La crisi in Ucraina precipita. Vladimir Putin firma il documento che riconosce le Repubbliche popolari di Dontesk e Lugansk e invia le forze armate russe nella regione del Donbass.
La Russia riconosce, quindi, l’indipendenza delle repubbliche separatiste, lo annuncia il presidente Putin giustificado l’invio delle truppe in Ucraina come un azione necessaria al fine di «assicurare la pace». Per l’Onu si tratta di fatto di «un’invasione illegale dei territori di Kiev».
La firma del presidente russo, in diretta tv, segue un lungo discorso tra retorica e manipolazioni storiche: dalla rivoluzione del 1917 alla seconda guerra mondiale, «l’Ucraina è parte integrante della nostra storia, cultura e spazio spirituale non è solo un paese confinante», dichiara Putin, precisando che l’Ucraina non è mai stata una nazione indipendente e ora è solo «un fantoccio dell’Occidente».
«Un ingresso del Paese nella Nato è una minaccia per noi», precisa il presidente russo ribadendo la mancanza delle garanzie di sicurezza chieste all’Occidente. Così Putin affossa il trattato di Minsk. La situazione sarebbe degenerata in seguito alla denuncia di Mosca di sconfinamenti in territorio russo da parte di «sabotatori ucraini», oltre all’accusa della distruzione di un check point situato a Rostov.
Kiev respinge le accuse bollandole come “fake news”, intanto nella zona di confine i bombardamenti più intensi del solito sono costati la vita a due soldati, un miliziano e due civili uccisi tra i lati del fronte. Nel rapporto pubblicato questa mattina da Joint Forces Operation del ministero della Difesa ucraino si legge che la scorsa notte due soldati ucraini sono stati uccisi dai bombardamenti e altri 12 sono rimasti feriti. Il documento sottolinea che l’Ucraina ha registrato 84 violazioni del cessate il fuoco nelle ultime 24 ore da parte delle forze appoggiate dalla Russia, 64 delle quali con armi vietate dagli accordi di Minsk.
Il presidente ucraino, Volodimyr Zelensky replica «Non abbiamo paura della Russia», in un discorso alla nazione ribadisce che gli ucraini non cederanno nessuna parte del Paese. «Rimaniamo fiduciosi e calmi. Siamo pronti e in grado di difendere noi stessi e la nostra sovranità», scrive su Twitter il ministro della Difesa ucraino Oleksii Reznikov.

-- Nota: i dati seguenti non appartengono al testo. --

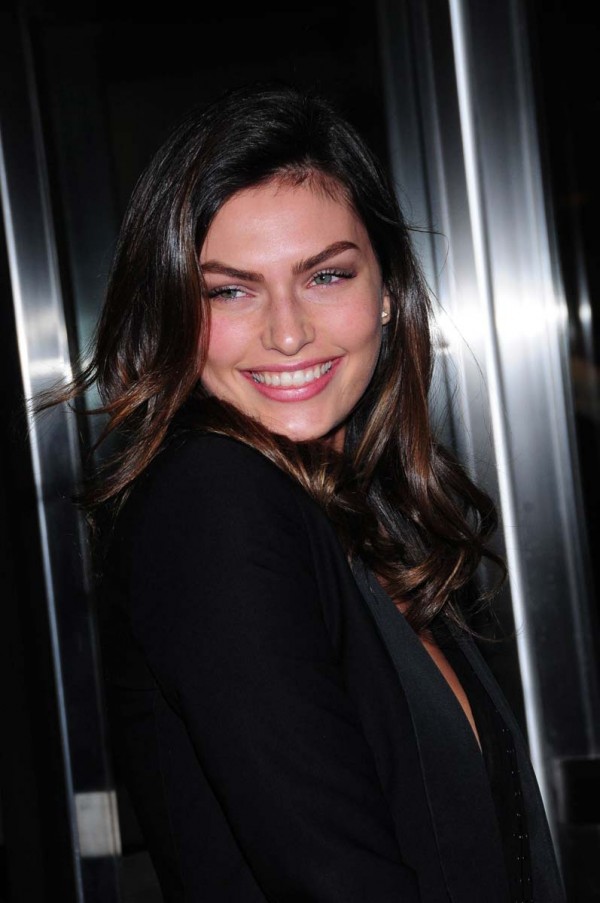 Alyssa Miller see through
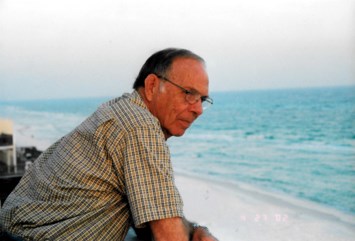 Obituary of Mr Charles Leroy Morris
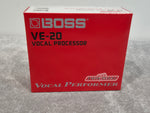 Boss VE20 Vocal Performer -  Multi-Effects Stompbox w/ Original Box - Image 12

La decisione di Mosca di riconoscere l’indipendenza del Donbass, secondo Reznikov è un atto con il quale il «Cremlino ha riconosciuto la sua aggressione nei confronti dell’Ucraina».
La decisione finale di riconoscere le due Repubbliche popolari arriva nonostante lo spiraglio diplomatico per il possibile incontro tra Putin e il presidente Usa, Joe Biden. I ministri degli Esteri Sergej Lavrov e Antony Blinken lo avrebbero dovuto preparare durante il loro incontro a Ginevra previsto per giovedì. La portavoce del ministero degli Esteri, Maria Zakharova, rende noto che il ministro degli Esteri russo Serghei Lavrov sarebbe ancora disposto a incontrare il segretario di Stato Usa, Antony Blinken, anche dopo la decisione del presidente russo Vladimir Putin di inviare le truppe nelle due regioni separatiste ucraine. «Anche nei momenti più difficili noi diciamo: siamo pronti alle trattative», dichiara Zakharova in un video trasmesso su Youtube.
La situazione ha spinto l’Onu a convocare una riunione d’emergenza del Consiglio di Sicurezza. «Le prossime ore e i prossimi giorni saranno critici. Il rischio di un grande conflitto è reale e deve essere prevenuto a tutti i costi», afferma il sottosegretario agli Affari politici delle Nazioni Unite, Rosemary Dicarlo.
La Francia dichiara che continuerà «a fare pressione per una soluzione diplomatica». Gli Stati Uniti confermano nuove sanzioni ai danni della Russia, intanto, hanno spostato per la notte i propri diplomatici in Polonia per motivi di sicurezza.